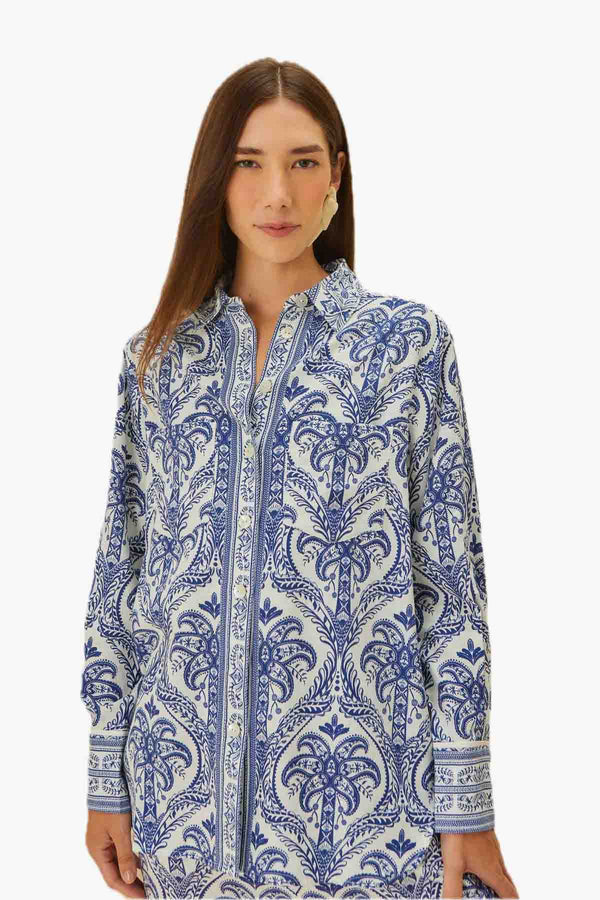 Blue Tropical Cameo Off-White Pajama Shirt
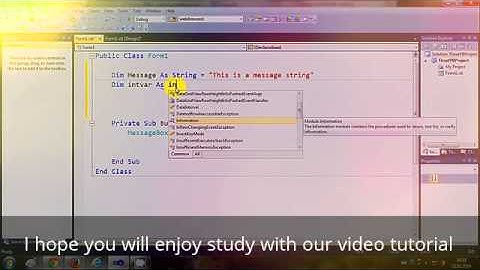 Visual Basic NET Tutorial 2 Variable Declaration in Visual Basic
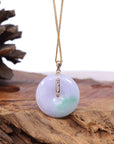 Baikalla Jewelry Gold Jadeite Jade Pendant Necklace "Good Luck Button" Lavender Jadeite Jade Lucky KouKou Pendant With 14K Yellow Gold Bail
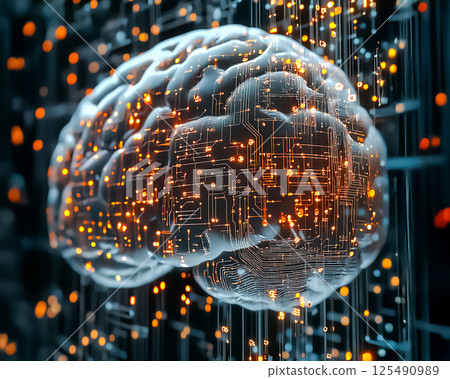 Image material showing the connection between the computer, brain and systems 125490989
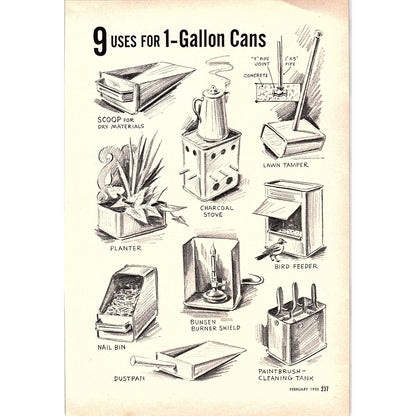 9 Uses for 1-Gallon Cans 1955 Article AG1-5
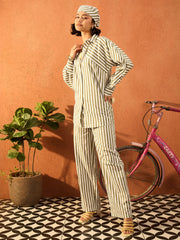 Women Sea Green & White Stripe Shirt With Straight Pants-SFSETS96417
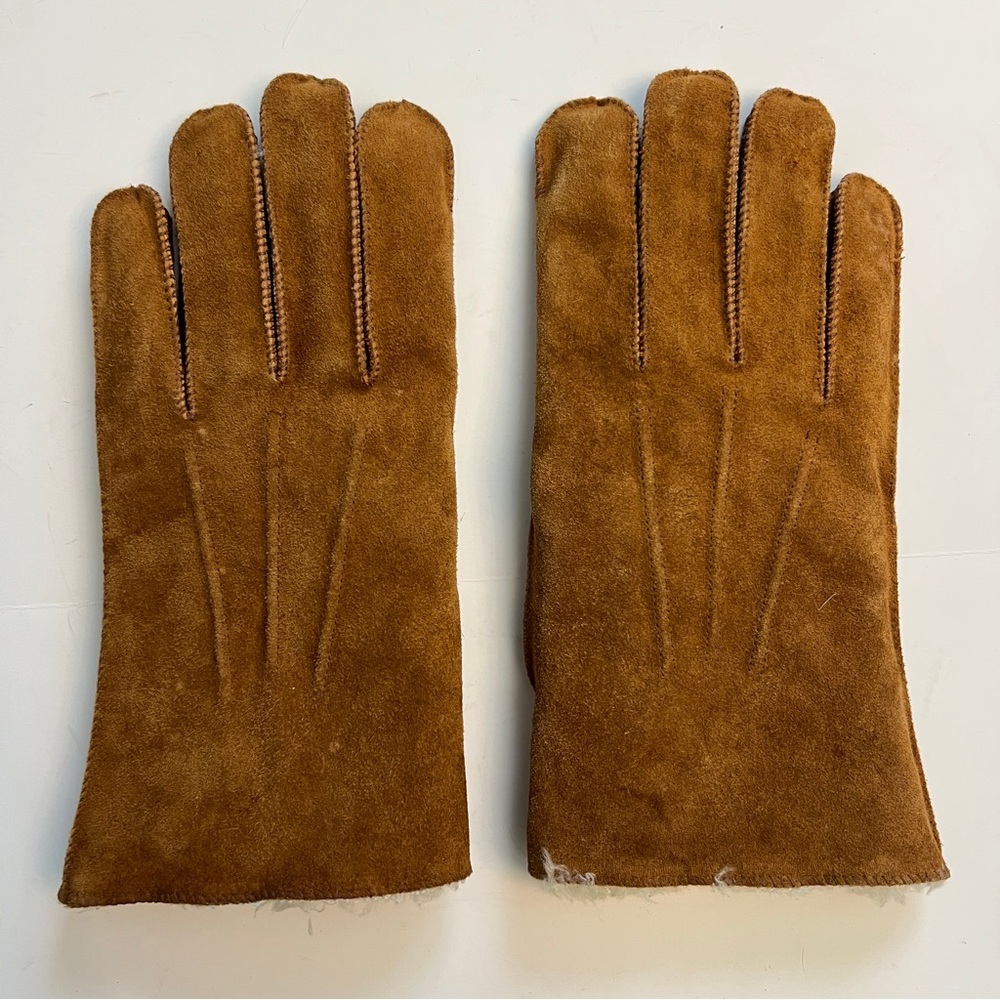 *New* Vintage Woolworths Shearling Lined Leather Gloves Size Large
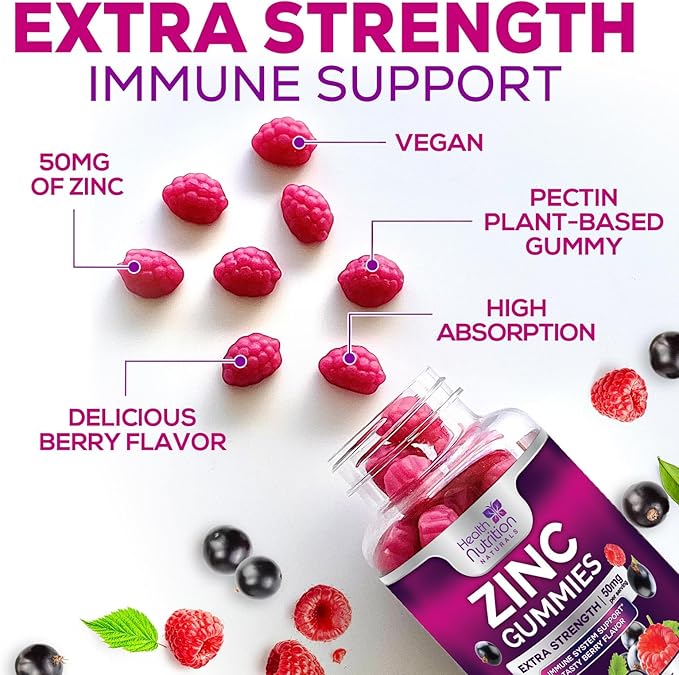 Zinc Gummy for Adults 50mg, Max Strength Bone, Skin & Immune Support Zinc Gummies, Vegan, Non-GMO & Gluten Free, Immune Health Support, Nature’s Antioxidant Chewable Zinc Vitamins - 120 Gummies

===

Task requirements: What are the lines in the records above, word for word, from the one containing "Visual Basic NET" through the one containing "9 Uses for 1-Gallon Cans 1955 Article AG1-5", both ends included and pictures left out?

Output for this exercise:
 Visual Basic NET Tutorial 2 Variable Declaration in Visual Basic
 Baikalla Jewelry Gold Jadeite Jade Pendant Necklace "Good Luck Button" Lavender Jadeite Jade Lucky KouKou Pendant With 14K Yellow Gold Bail
 Image material showing the connection between the computer, brain and systems 125490989
 9 Uses for 1-Gallon Cans 1955 Article AG1-5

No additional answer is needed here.